Laser-cooled atoms in flight

An atomic fountain is a neutral atomic trap that measures an atomic hyperfine transition by pushing a cloud of laser-cooled atoms vertically and allowing them to fall through an interaction region under the influence of gravity. The atomic cloud is cooled and pushed upwards by counter-propagating lasers in an optical molasses configuration.
The atomic transition is measured precisely with coherent microwaves while the atoms pass through the interaction region. The measured transition can be used in an atomic clock measurement to high precision.

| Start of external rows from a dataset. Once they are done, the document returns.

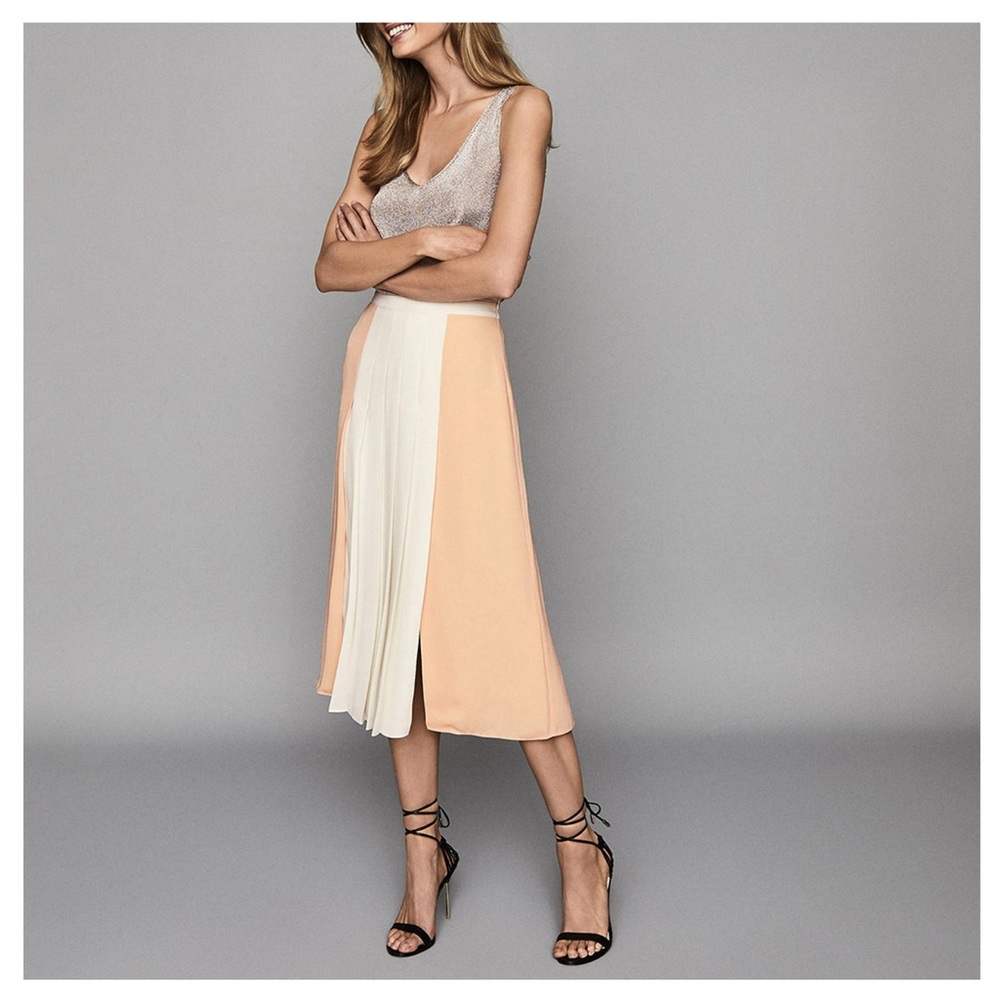 NWT Reiss Abigail Box Pleat Skirt (NWT)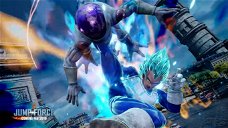 Copertina di Jump Force, le nuove trasformazioni di Goku, Vegeta e Freezer in video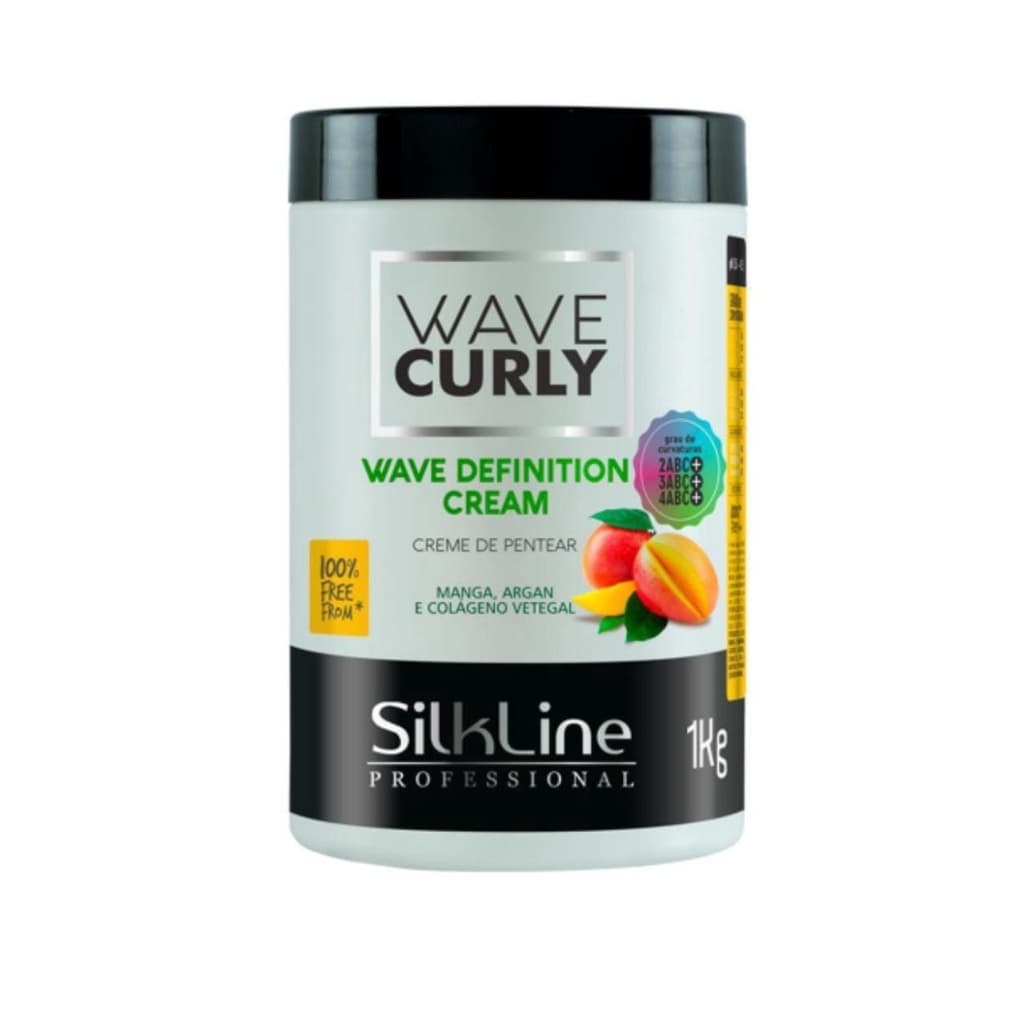 Creme De Pentear Wave Cream Manga Silkline 1Kg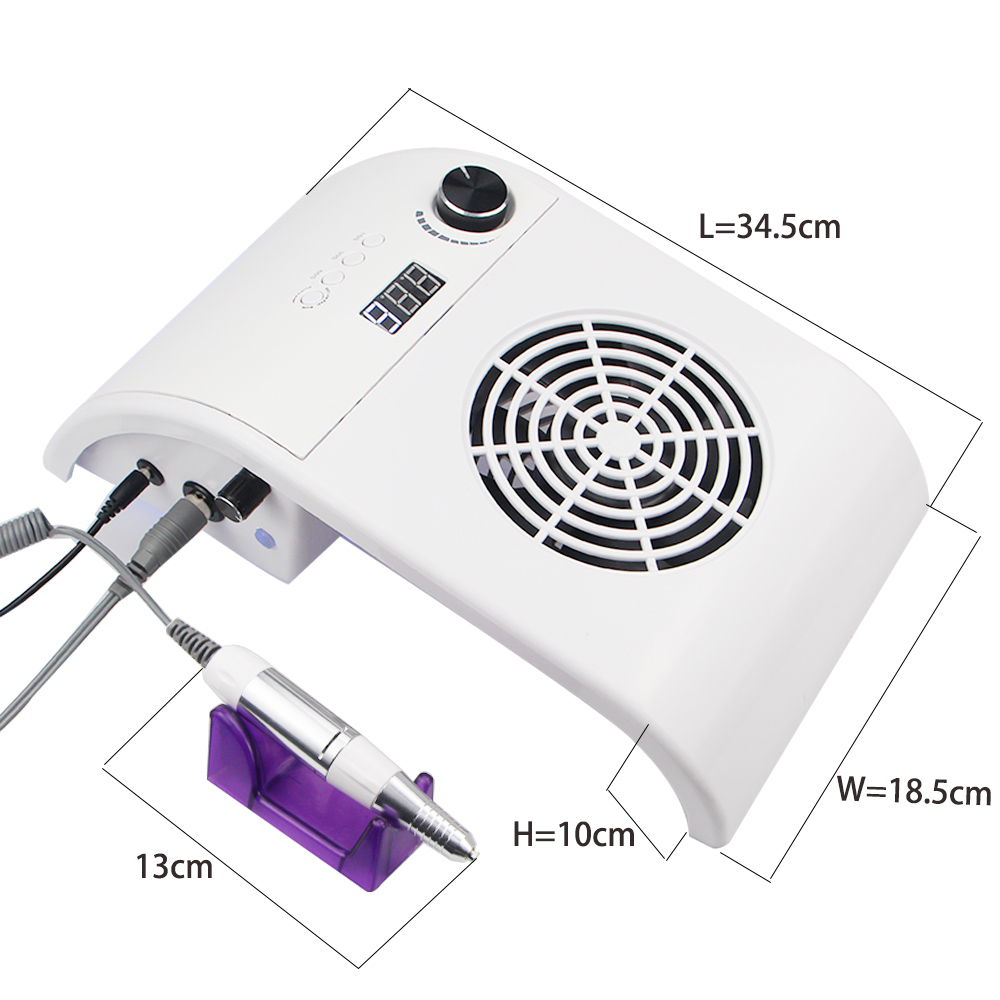 New Arrival Multifunctional 3 in 1 Silent 35000RPM Manicure Machine Powerful Vacuum Cleaner 48W UV LED Nail Lamp Quickly Dry All Nail Polish view 6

The measurement of a hyperfine transition in an atomic fountain uses the Ramsey method. In broad strokes, the Ramsey method involves exposing a cloud of atoms to a brief radiofrequency (rf) electromagnetic field in the interaction region at two instances. After being pushed vertically past the interaction region, the atoms will fall back down over a free-fall time
T, which may be on the order of seconds. The atomic cloud falls and passes back through the interaction region and is exposed to a second rf pulse. The microwave frequency is swept across the atomic transition over many repeated measurements to determine the resonant frequency. The fraction of the atoms in the cloud that have been driven from the initial state to final state is determined with a detection scheme.

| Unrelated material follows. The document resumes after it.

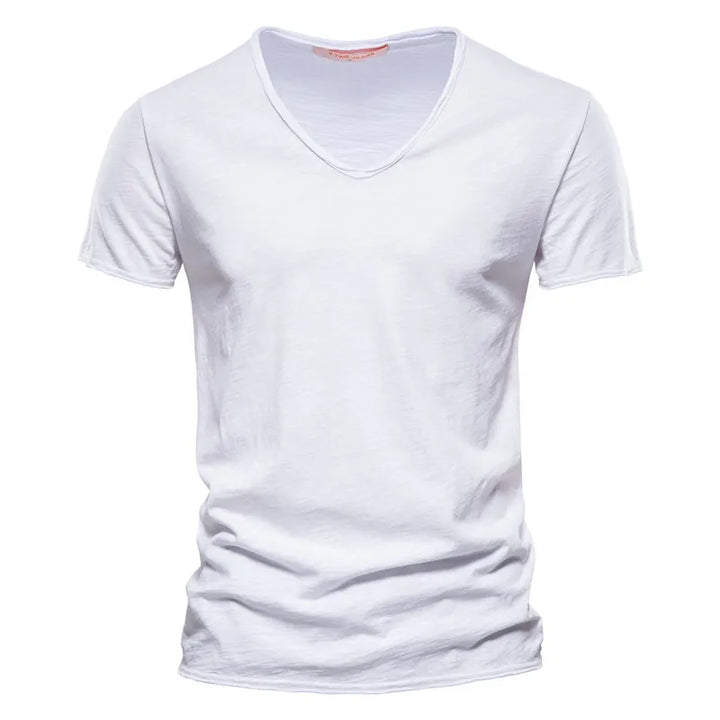 Juleas™ | Tee-shirt Uni Col V en Coton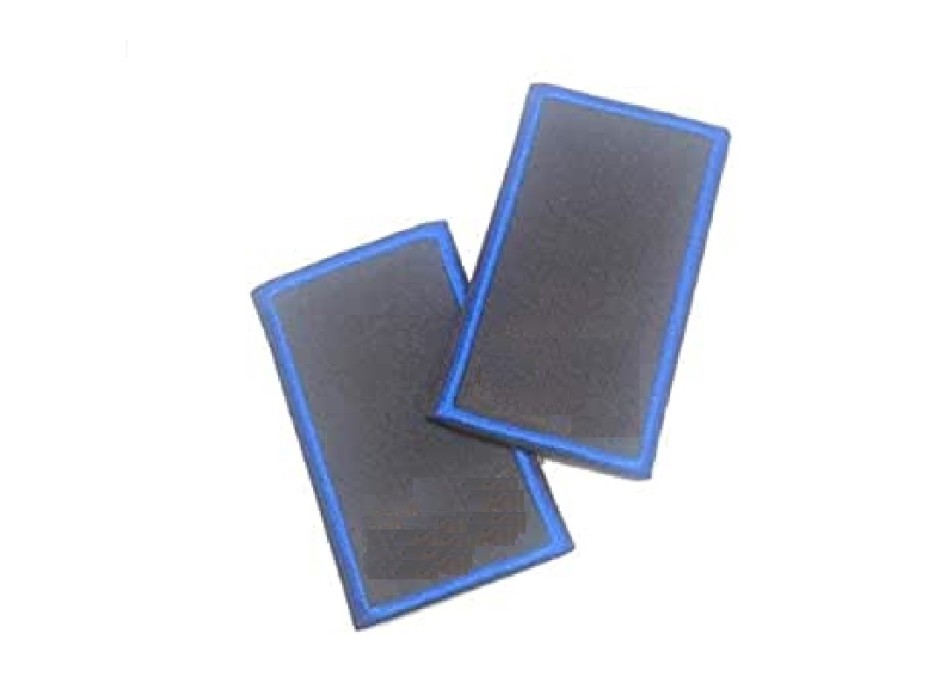 Tubolari neri contorno blu royal Divisa Militare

NIST-F1 cesium atomic fountain clock

The use of an atomic fountain with a cooled atomic cloud allows for wait times on the order of one second, which results in a much higher frequency resolution compared to a hot atomic beam, which may have interaction times on the order of tens of microseconds. This is one reason why NIST-F1, a caesium fountain clock, with a fractional instability of $2 \times 10^{-16}$, loses less than one nanosecond per year. The NIST-7 caesium beam clock, with a fractional instability of $1 \times 10^{-14}$, loses 30 nanoseconds in a year.

==History==

The idea of the atomic fountain was first proposed in the 1950s by Jerrold Zacharias. Zacharias attempted to implement an atomic fountain using a thermal beam of atoms, under the assumption that the atoms at the low-velocity end of the Maxwell-Boltzmann distribution would be of sufficiently low energy to execute a reasonably sized parabolic trajectory. However, the attempt was not successful because fast atoms in a thermal beam struck the low-velocity atoms and scattered them.